Although divorce severs many financial ties between former spouses, a marriage lasting 10 years or more provides for some Social Security benefits under an ex-spouse’s earnings record. A spouse or ex-spouse is entitled to half of the other party’s benefit amount without any impact on that person’s own benefit. It may be tempting to tap into this resource prior to reaching the full retirement age of 66, but Virginia residents may want to consider this action carefully based on their current and future employment plans.
The Social Security Administration adjusts benefits based on work-related earnings in a given year. If an individual claims spousal benefits prior to reaching full retirement age, a low limit applies to one’s wages before this withholding is initiated. If full retirement age has been reached, the earnings limit is more than twice as much. Earnings that exceed the limit in either situation are subject to federal withholding.
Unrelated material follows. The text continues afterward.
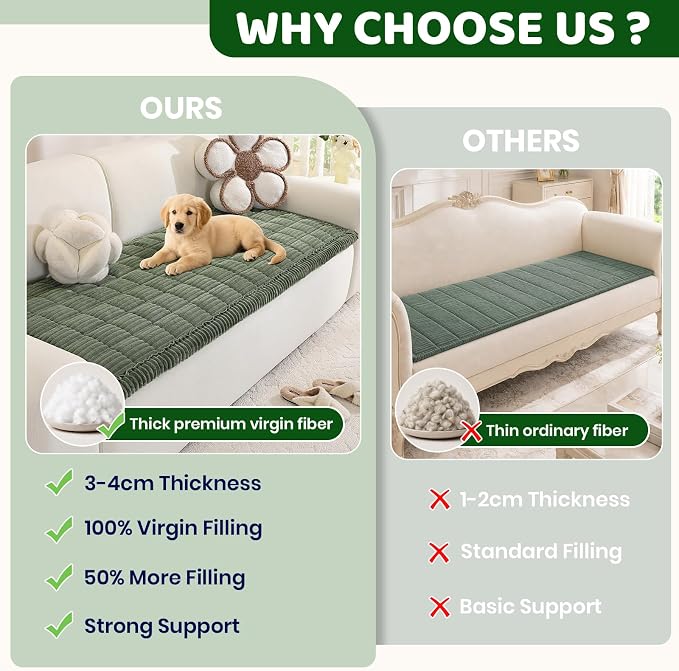 Royhom Couch Cover for Dogs Washable,Non Slip Sofa Protector for Pets | Durable & Easy Care, Soft Furniture Cover for Leather & Fabric Couches Against Claws, Spills & Fur, 27.6x82.7 Inch, Green - Image 10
In planning strategically to access spousal benefits, one of the most sensible strategies is to wait until reaching full retirement age to request the spousal credit. Meanwhile, one’s own retirement benefit increases by approximately 8 percent for each year beyond full retirement age that a claim is delayed. At 70 years of age, an individual’s personal benefit will have reached its maximum. An individual will typically want to claim the benefit that provides the higher amount of income. For many, the full personal benefit at age 70 will exceed the spousal benefit, making it wise to adjust one’s claim.
An awareness of Social Security guidelines may be beneficial to an individual who is considering the end of a marriage that has lasted almost 10 years. A lawyer might point out that waiting to file for divorce could allow for eventual access to these spousal benefits.